Dawlish looks its very best from the railway station; not the least doubt of it, and looks best of all to passengers bound elsewhere. From the train you have on one side the blue sea, the red rocks, the yellow-brown sands; and on the other the lovely lawns and gardens in midst of the town, with the little stream called “Dawlish Water,” tamed and trimmed, and made to tumble over half a hundred little cascades, in between. In short, like any tradesman, Dawlish displays its best goods—nay, more, its entire stock-in-trade—in the shop window.

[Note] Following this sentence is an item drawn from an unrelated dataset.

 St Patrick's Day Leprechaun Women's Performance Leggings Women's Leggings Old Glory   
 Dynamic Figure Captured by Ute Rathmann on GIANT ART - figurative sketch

The name of Dawlish is rather by way of being a calamity. Antiquaries declare it derives from the Celtic dol isc; that is to say, “the meadow by the water”—and as we have seen, the stream and the gardens are the chief feature of the place—but the modern form of the name is fatally attractive for cheap wits. Even great minds have declined to the remark that “Dawlish is dawlicious”; and as the excursion trains in summer draw up to the platform and strangers step out from the carriages, to stretch their legs for a moment before going on, the idiot jape trips off a hundred tongues.

At Dawlish, however, the traveller first realises himself fully in the West. The view, the colour, the speech, all proclaim it.

Ah! the old familiar cries of the West, they warm the heart with the fires of remembrance. As the traveller comes down the line, so insensibly he comes into the districts where the soft slurring burr of the West of England prevails. You first notice it, if you are travelling by a stopping train, at Swindon, on whose platforms the newspapers—in the speech of the bookstall imps—become “Londun pay-purr”; and when the train draws up to the seaside platforms of Dawlish, the shibboleth has become “Lundee pay.” Long, too, may the fishwives of Teignmouth continue their rounds, with their endearing “Any nice fresh whiting to-day, my dear?” to old and young, gentle or simple.

There are wild and beautiful valleys away behind Dawlish; in especial that vale down whose leafy gullies flows the clear stream of Dawlish Water, which, rising out of the green bosom of Great Haldon, up Harcombe way, comes down by Ashcombe and, reaching Dawlish, is made to perform quite a number of parlour tricks before it is allowed to straggle out over the sands and pebbles of the beach, and find a well-earned rest in the sea.

There are folk of primitive ways of thought and rugged speech up the valley of Dawlish Water, and their characteristics are those of old Devon, of whose peasantry it has been truly said: “They work hard, live hard, hold hard, and die hard.”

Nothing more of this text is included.